■ TASK OBJECTIVE:
Take the data below and copy exactly the lines starting at the one with "tomynard's profile picture." and finishing at the one with "Cat | ERMMMMM;", both included.

[Data records]
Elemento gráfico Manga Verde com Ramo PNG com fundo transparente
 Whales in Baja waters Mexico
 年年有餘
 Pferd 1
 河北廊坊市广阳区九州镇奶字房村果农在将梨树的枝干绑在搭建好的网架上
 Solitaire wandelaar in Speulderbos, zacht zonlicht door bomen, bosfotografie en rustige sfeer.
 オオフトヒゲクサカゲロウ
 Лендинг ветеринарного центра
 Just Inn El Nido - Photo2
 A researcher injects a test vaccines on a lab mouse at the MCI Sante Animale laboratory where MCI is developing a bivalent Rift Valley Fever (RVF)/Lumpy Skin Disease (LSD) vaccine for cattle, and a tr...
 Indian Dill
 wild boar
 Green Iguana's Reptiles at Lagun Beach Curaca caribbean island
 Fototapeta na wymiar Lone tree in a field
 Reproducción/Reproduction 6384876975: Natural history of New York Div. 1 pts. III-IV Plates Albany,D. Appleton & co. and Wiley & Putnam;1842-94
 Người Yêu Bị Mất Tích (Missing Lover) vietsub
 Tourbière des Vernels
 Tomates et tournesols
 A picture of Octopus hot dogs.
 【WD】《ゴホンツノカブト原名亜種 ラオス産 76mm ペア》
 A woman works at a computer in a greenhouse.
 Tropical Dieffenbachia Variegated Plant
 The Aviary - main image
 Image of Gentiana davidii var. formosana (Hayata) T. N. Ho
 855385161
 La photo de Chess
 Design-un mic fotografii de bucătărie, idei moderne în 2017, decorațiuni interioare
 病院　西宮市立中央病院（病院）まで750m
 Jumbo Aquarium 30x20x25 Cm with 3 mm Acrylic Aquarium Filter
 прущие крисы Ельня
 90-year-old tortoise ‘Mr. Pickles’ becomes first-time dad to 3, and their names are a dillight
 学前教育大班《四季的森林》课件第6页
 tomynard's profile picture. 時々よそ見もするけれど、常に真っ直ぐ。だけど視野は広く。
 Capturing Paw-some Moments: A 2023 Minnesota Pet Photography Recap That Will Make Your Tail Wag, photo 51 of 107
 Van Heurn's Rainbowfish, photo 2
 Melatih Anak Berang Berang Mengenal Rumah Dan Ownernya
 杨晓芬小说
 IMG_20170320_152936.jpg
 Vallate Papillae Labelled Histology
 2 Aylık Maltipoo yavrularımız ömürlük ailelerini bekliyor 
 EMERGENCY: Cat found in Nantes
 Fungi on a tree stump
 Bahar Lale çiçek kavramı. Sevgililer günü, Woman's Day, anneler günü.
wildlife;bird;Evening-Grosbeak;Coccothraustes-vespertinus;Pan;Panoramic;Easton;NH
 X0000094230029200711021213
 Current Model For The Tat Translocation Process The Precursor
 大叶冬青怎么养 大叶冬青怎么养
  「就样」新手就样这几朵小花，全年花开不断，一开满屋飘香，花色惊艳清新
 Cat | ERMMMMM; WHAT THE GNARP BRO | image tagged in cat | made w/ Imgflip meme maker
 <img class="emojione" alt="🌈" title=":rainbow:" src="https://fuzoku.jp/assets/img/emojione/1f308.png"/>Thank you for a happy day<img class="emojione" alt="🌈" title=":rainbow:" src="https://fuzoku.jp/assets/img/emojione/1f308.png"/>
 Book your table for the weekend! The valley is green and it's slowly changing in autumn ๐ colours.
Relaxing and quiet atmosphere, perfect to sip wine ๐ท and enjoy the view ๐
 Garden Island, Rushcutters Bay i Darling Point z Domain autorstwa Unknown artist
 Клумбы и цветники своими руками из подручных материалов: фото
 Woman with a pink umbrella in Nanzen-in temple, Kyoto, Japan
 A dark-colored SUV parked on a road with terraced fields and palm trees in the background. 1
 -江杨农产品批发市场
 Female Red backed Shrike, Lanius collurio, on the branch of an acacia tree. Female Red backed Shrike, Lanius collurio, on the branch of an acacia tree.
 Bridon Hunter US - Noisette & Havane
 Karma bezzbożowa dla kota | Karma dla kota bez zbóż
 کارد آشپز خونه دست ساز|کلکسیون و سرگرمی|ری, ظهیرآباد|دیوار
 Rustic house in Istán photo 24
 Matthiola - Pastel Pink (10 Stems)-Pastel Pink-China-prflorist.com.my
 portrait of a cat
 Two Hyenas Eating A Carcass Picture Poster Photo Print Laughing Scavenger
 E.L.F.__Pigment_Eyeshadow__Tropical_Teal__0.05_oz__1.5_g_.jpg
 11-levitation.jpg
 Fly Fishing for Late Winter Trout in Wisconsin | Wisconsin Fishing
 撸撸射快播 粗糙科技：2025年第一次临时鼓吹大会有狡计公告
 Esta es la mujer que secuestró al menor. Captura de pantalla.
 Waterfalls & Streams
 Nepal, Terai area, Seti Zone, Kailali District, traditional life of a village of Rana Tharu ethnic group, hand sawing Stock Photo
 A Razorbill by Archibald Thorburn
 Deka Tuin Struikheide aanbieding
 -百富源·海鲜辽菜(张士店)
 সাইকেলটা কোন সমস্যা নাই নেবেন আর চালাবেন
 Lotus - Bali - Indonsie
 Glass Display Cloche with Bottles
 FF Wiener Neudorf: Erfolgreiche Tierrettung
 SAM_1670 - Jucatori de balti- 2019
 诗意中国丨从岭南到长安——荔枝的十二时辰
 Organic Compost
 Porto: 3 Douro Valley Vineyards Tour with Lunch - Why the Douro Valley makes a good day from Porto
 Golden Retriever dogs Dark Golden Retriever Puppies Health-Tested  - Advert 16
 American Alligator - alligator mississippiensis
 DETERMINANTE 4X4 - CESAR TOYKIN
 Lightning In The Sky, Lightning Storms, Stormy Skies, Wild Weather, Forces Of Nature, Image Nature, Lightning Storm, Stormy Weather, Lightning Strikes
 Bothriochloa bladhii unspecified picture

■ PROBLEM SOLUTION:
 tomynard's profile picture. 時々よそ見もするけれど、常に真っ直ぐ。だけど視野は広く。
 Capturing Paw-some Moments: A 2023 Minnesota Pet Photography Recap That Will Make Your Tail Wag, photo 51 of 107
 Van Heurn's Rainbowfish, photo 2
 Melatih Anak Berang Berang Mengenal Rumah Dan Ownernya
 杨晓芬小说
 IMG_20170320_152936.jpg
 Vallate Papillae Labelled Histology
 2 Aylık Maltipoo yavrularımız ömürlük ailelerini bekliyor 
 EMERGENCY: Cat found in Nantes
 Fungi on a tree stump
 Bahar Lale çiçek kavramı. Sevgililer günü, Woman's Day, anneler günü.
wildlife;bird;Evening-Grosbeak;Coccothraustes-vespertinus;Pan;Panoramic;Easton;NH
 X0000094230029200711021213
 Current Model For The Tat Translocation Process The Precursor
 大叶冬青怎么养 大叶冬青怎么养
  「就样」新手就样这几朵小花，全年花开不断，一开满屋飘香，花色惊艳清新
 Cat | ERMMMMM; WHAT THE GNARP BRO | image tagged in cat | made w/ Imgflip meme maker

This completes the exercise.